WHAT IS BEING ASKED – Under this line are the records; repeat exactly the lines starting at the one containing "Roman Striped High" and ending at the one containing "Miniature Japanese Satsuma", omitting pictures.

*** INPUT DATA Section Begins ***

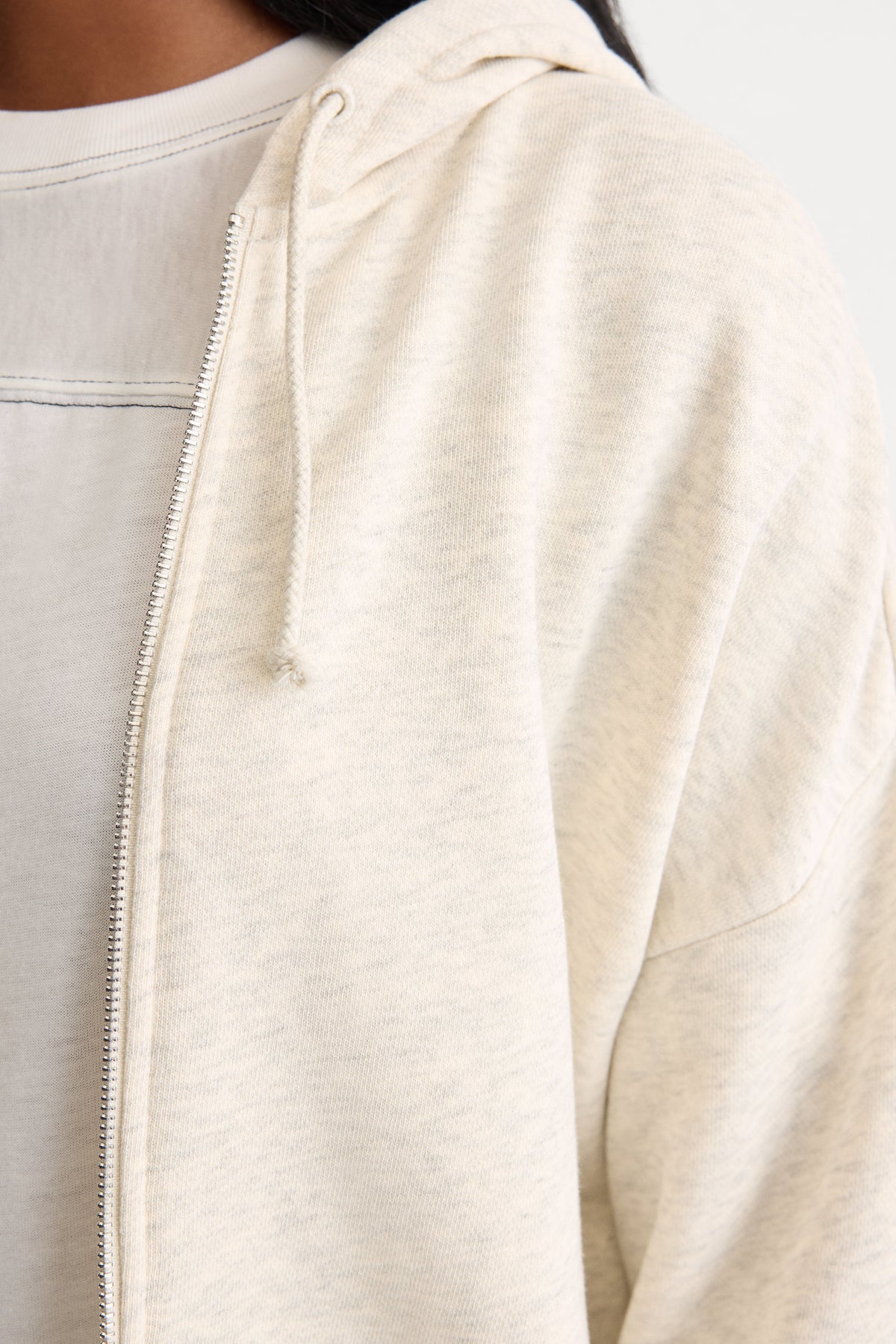 The French Terry Cropped Zip-Up Hoodie in Oatmeal Heather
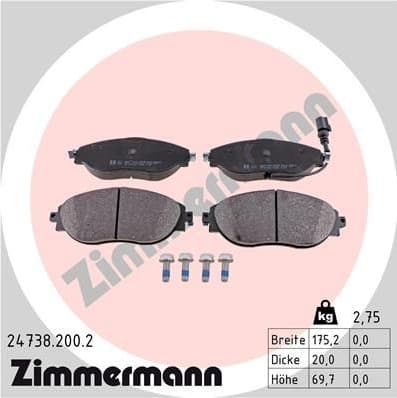 Brake Pad Set, disc brake 24738.200.2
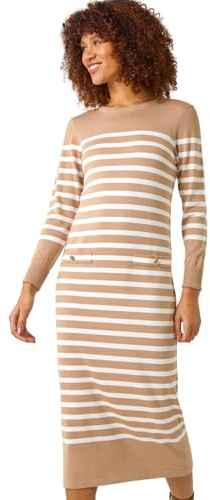 Roman Striped High Neck Knit Bodycon Midi Dress for Women UK - Ladies Autumn Everyday Winter Holiday Long Sleeve Soft Woven Fabric Comfy Office Frock Desk Gowns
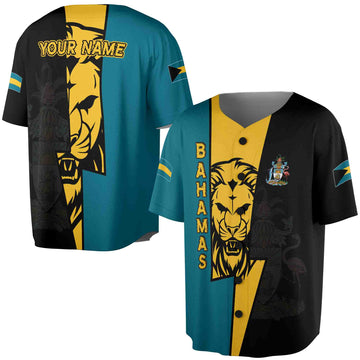 Custom Name Bahamas Flag Lion Coat Of Arms Baseball Jersey S-5XL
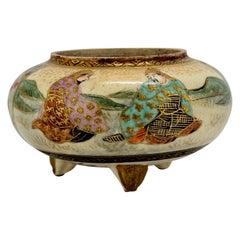 Miniature Japanese Satsuma Porcelain Samurai Motif Censor - Signed, Meiji Era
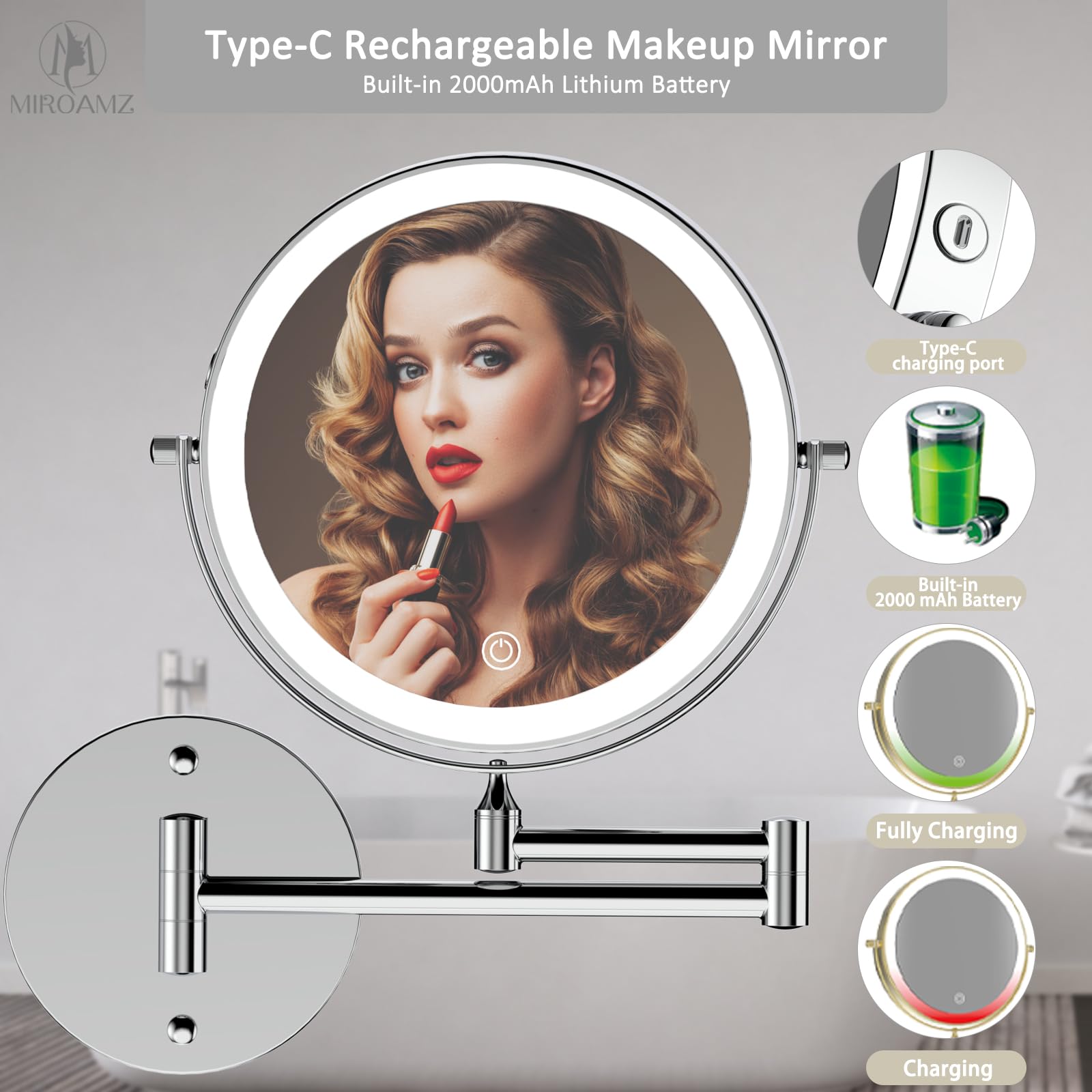 Espejo de cambiador de maquillaje recargable iluminado montado en la pared, 8 pulgadas, doble cara, 1 x 10 aumentos, iluminación de 3 colores, atenuación de visualización táctil, espejo de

*** INPUT DATA Section Ends ***

RESULT FOR THIS TASK –
 Roman Striped High Neck Knit Bodycon Midi Dress for Women UK - Ladies Autumn Everyday Winter Holiday Long Sleeve Soft Woven Fabric Comfy Office Frock Desk Gowns
 Custom Name Bahamas Flag Lion Coat Of Arms Baseball Jersey S-5XL
 Miniature Japanese Satsuma Porcelain Samurai Motif Censor - Signed, Meiji Era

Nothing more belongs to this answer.